Latin America’s Missing Middles
Decades of weak growth in Latin America have left large parts of the population economically vulnerable. But by taking advantage of digital disruption, the region has a golden opportunity to nurture faster growth that benefits everyone.
MEXICO CITY – Once the world’s most prosperous emerging-market region, Latin America is in danger of being overtaken by its peers, owing to its sluggish and unevenly distributed growth. To break that pattern and make growth more dynamic and inclusive, Latin American economies must fill two “missing middles”: a lack of medium-size firms that can foster competition, and too few middle-class consumers whose spending could create much-needed demand. Harnessing the power of new digital technologies will be crucial to meeting both imperatives.
Despite reform initiatives and poverty reduction, the region’s economies are struggling. GDP growth in the region averaged just 2.8% per year between 2000 and 2016, well below the 4.8% average rate in 56 other emerging economies. Moreover, labor-force expansion accounted for 72% of Latin America’s growth over that period. As fertility rates fall, the region will need to increase productivity to compensate.

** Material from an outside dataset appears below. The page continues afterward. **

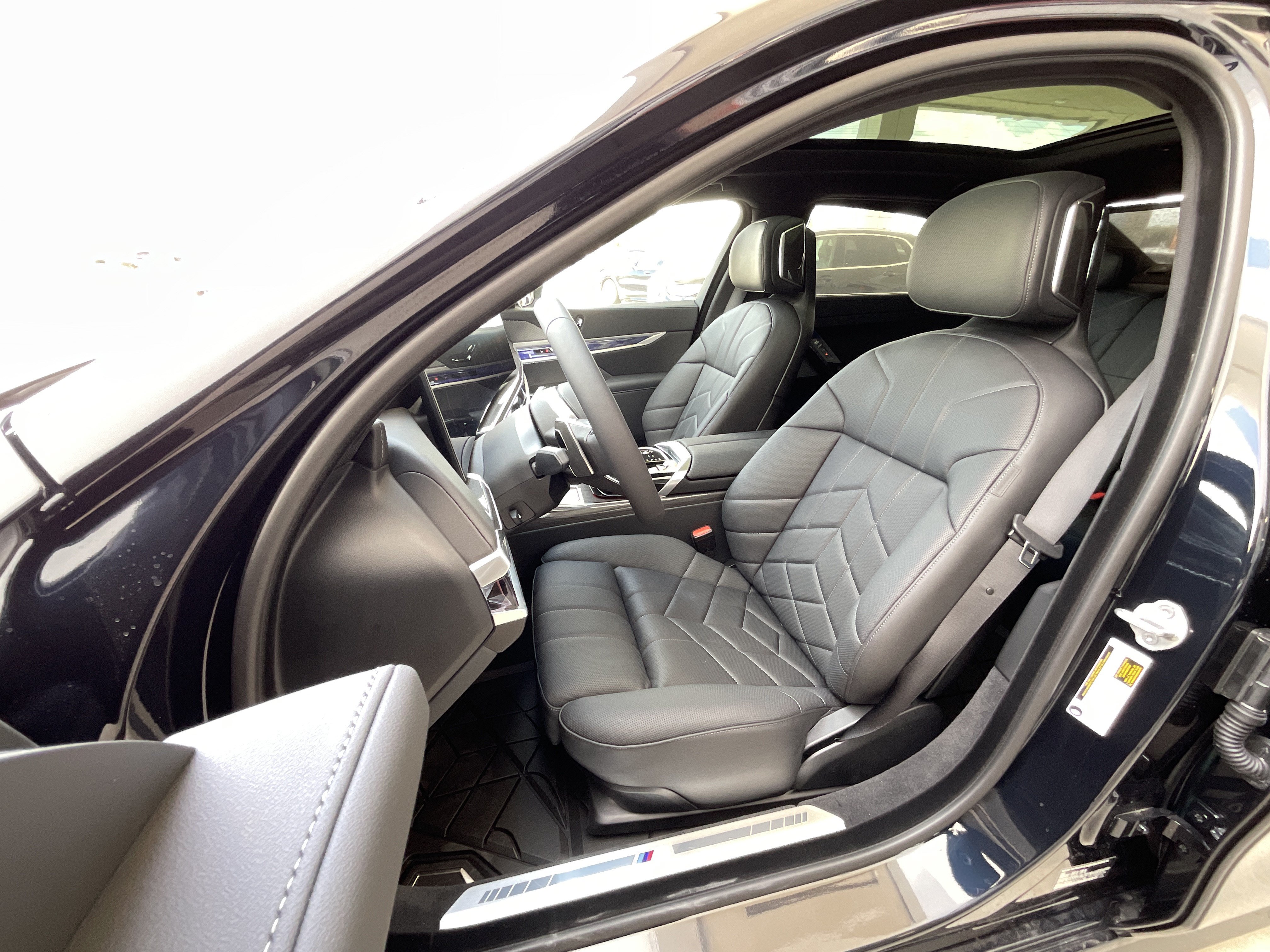 New 2026 BMW 740i w/ Executive Package RWD image 11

Although Latin America is home to some highly productive global companies, it lacks the backbone of midsize firms that drive innovation and competition – and create productive, well-paying jobs – in more vibrant economies. The region has fewer large- and medium-size firms (with more than $50 million in annual revenue) than Turkey, India, South Africa, and many high-performing Asian emerging-market economies; and those it does have are far less productive than its large businesses. Compounding the problem, many Latin American economies have a long tail of small, often informal companies that collectively employ millions, but that hold back growth because of their low productivity.